» **Description of the task**: Go through the records and set each one down exactly, skipping any picture.

» **Exercise data**:
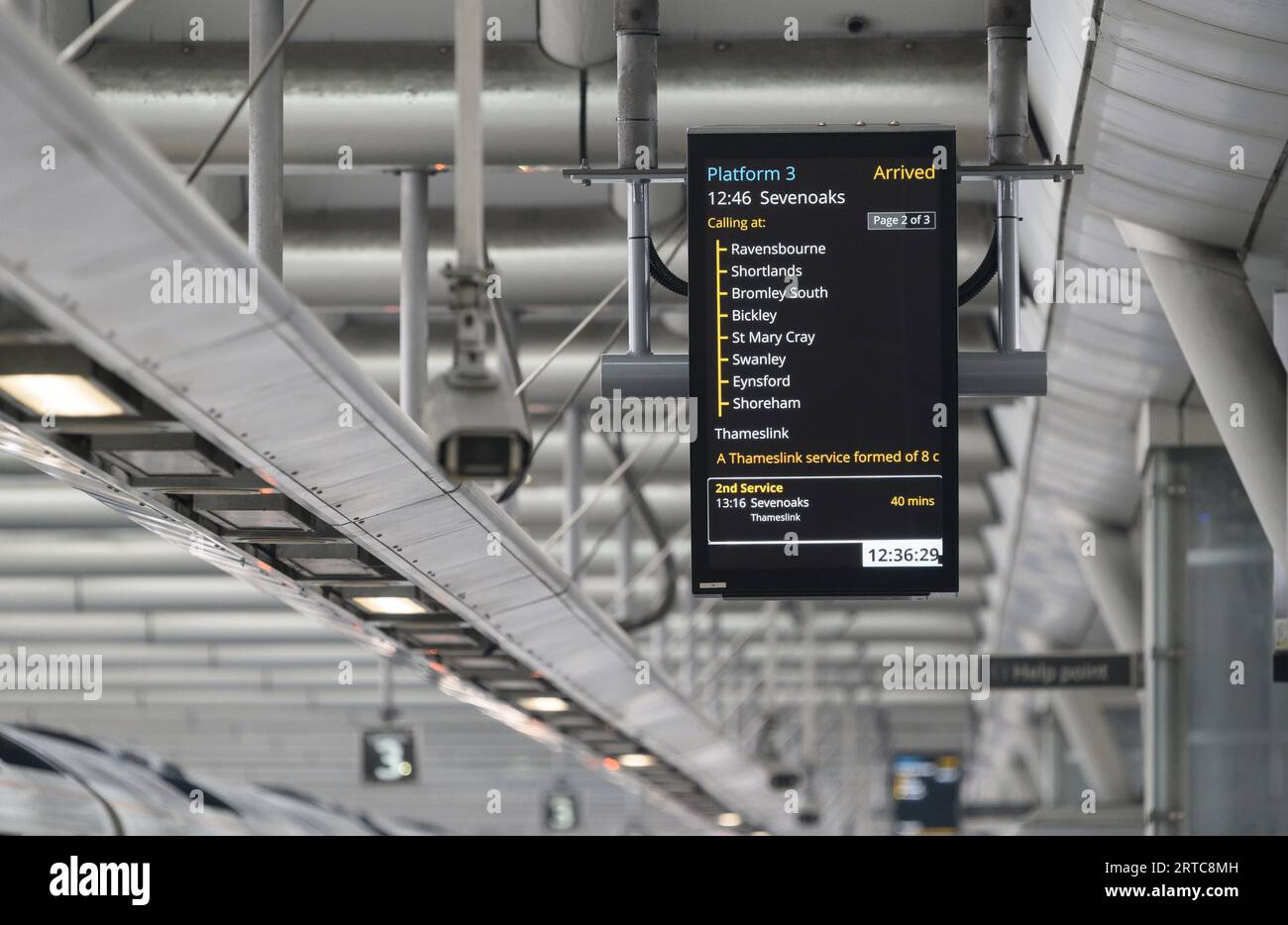 Digitaler Informationsbildschirm auf einem Bahnsteig am Bahnhof London Blackfriars, London, England. Stockfoto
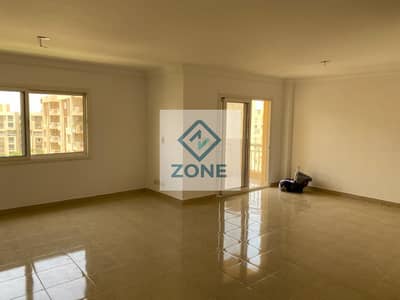للايجار قانون بسعر مميز 3نوم و3حمام مساحه200متر فى b11فيو جاردنmm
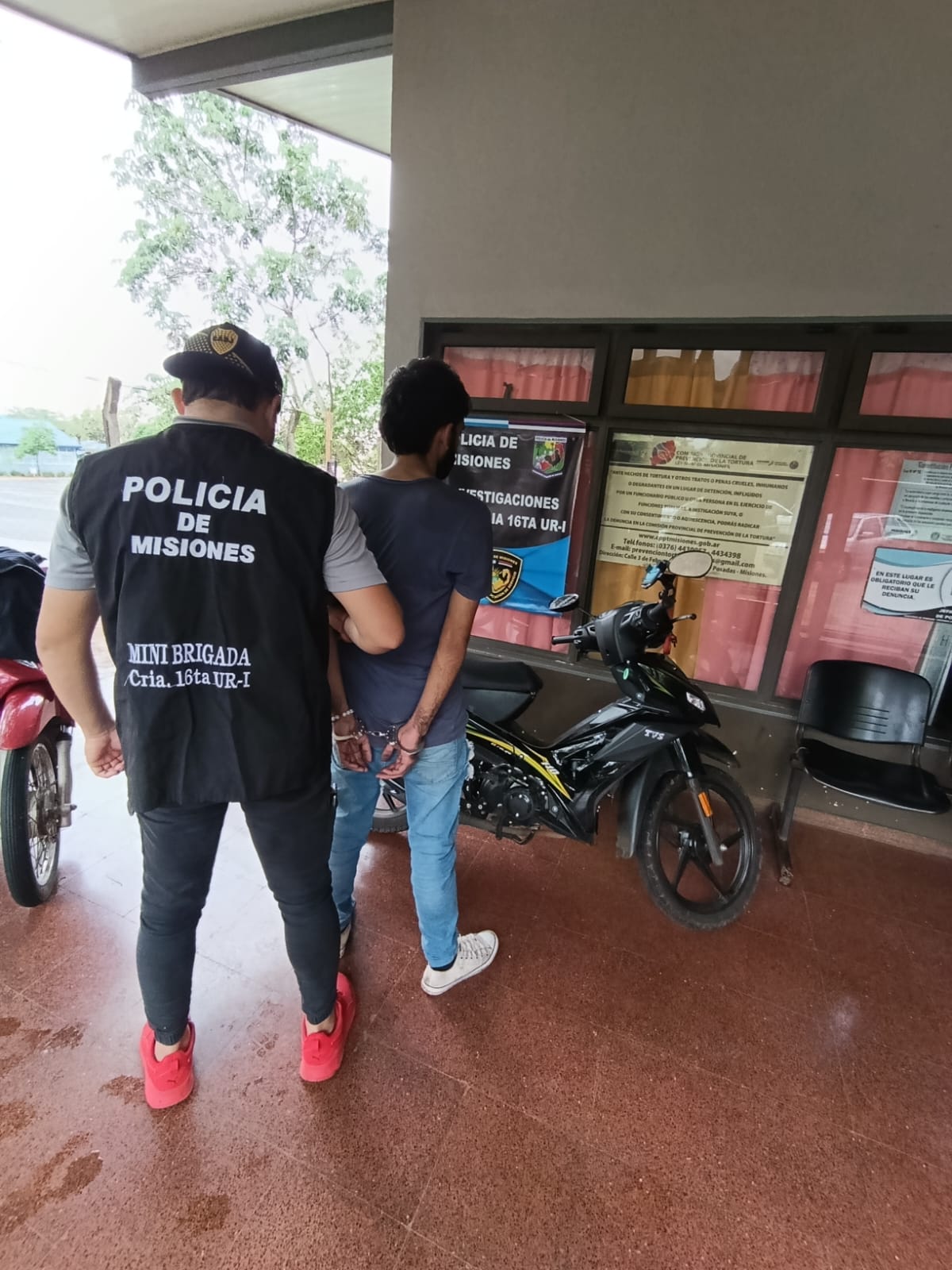 Arrestaron a un integrante de la banda de los “Pitogüé” dedicados al robo de viviendas en Posadas y Garupá 5 Arrestaron a un integrante de la banda de los “Pitogüé” dedicados al robo de viviendas en Posadas y Garupá imagen-4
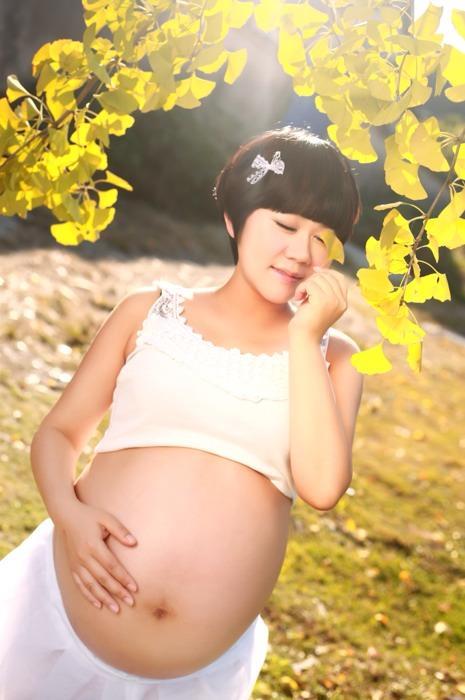 超级宝妈:孕妈妈的超级大肚子照胃口太好体重从原来的92斤变成150斤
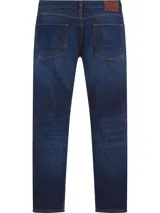 Jeans de corte recto color azul oscuro, con diseño de cinco bolsillos, cierre de botón y cremallera, cinta distintiva de Tommy Hilfiger sobre el bolsillo delantero y parche con logo en la parte posterior.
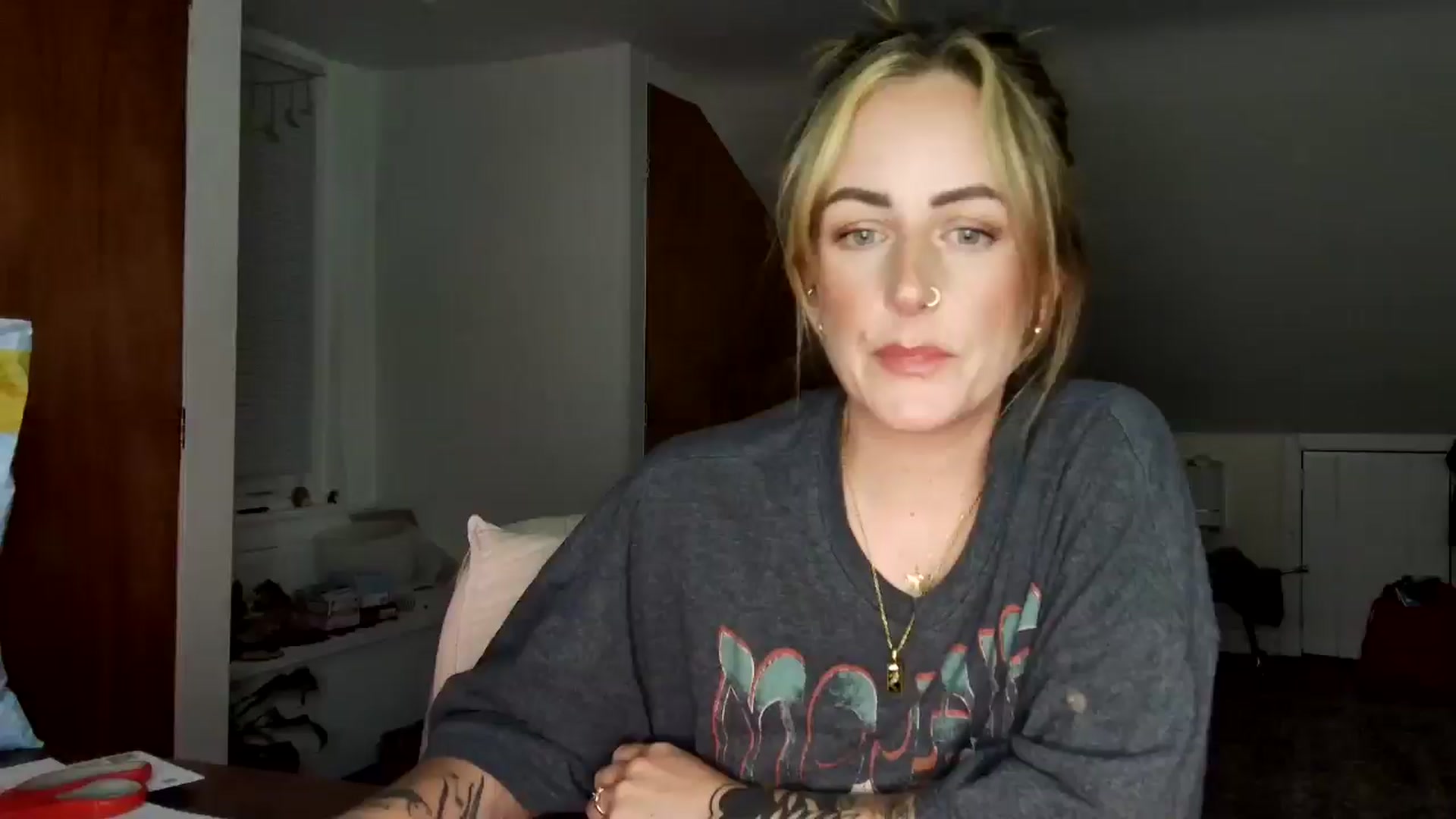Gallery image thumbnail from Lena_bee's myfreecams stream on, 04/25/2025, 04:36 image 1 of 20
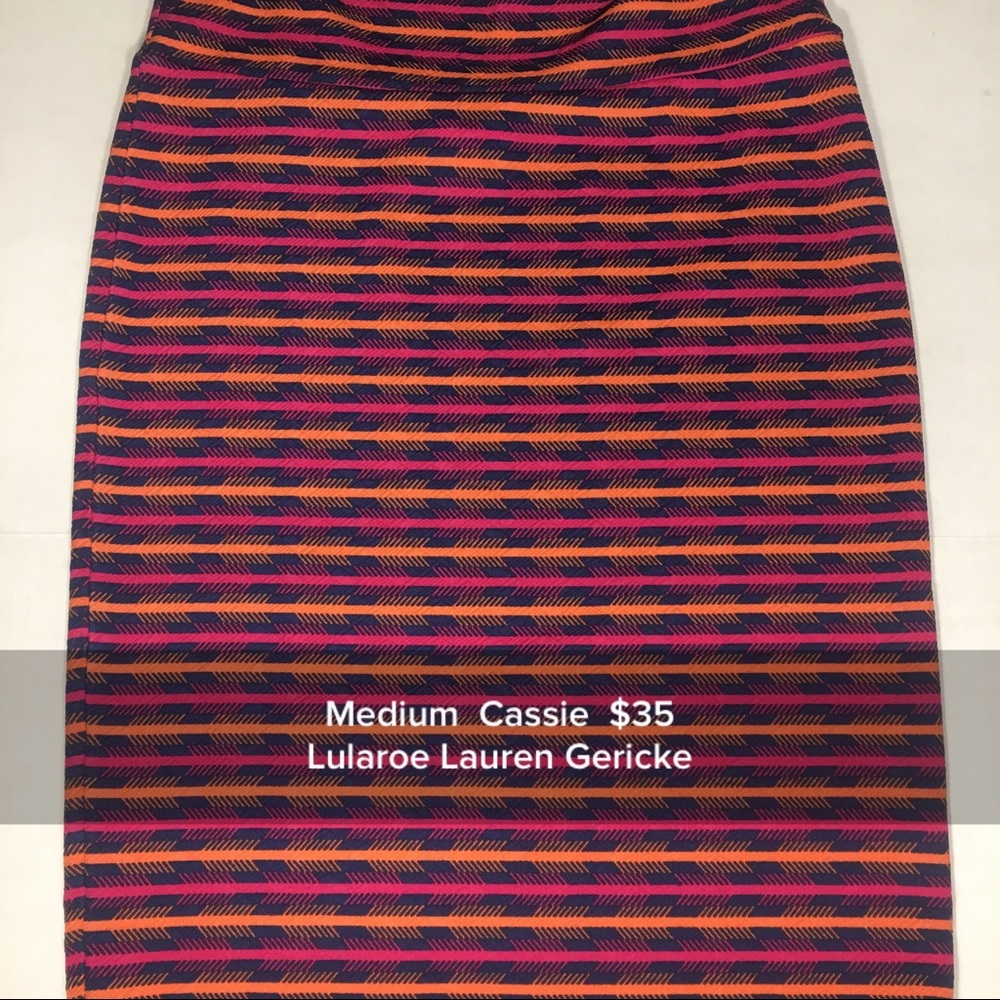 LuLaRoe Cassie Medium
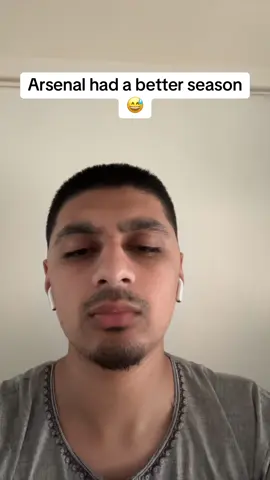 congrats gunners🤣 Follow for more #fyp #funnytiktok #arsenal #manchesterunited #footballtiktok #football #trophy #football #manutd #troll #funny #explorepage #mrw_004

» **Output for this exercise**:
 Digitaler Informationsbildschirm auf einem Bahnsteig am Bahnhof London Blackfriars, London, England. Stockfoto
للايجار قانون بسعر مميز 3نوم و3حمام مساحه200متر فى b11فيو جاردنmm
 Arrestaron a un integrante de la banda de los “Pitogüé” dedicados al robo de viviendas en Posadas y Garupá 5 Arrestaron a un integrante de la banda de los “Pitogüé” dedicados al robo de viviendas en Posadas y Garupá imagen-4
 超级宝妈:孕妈妈的超级大肚子照胃口太好体重从原来的92斤变成150斤
 Jeans de corte recto color azul oscuro, con diseño de cinco bolsillos, cierre de botón y cremallera, cinta distintiva de Tommy Hilfiger sobre el bolsillo delantero y parche con logo en la parte posterior.
Gallery image thumbnail from Lena_bee's myfreecams stream on, 04/25/2025, 04:36 image 1 of 20
 LuLaRoe Cassie Medium
 congrats gunners🤣 Follow for more #fyp #funnytiktok #arsenal #manchesterunited #footballtiktok #football #trophy #football #manutd #troll #funny #explorepage #mrw_004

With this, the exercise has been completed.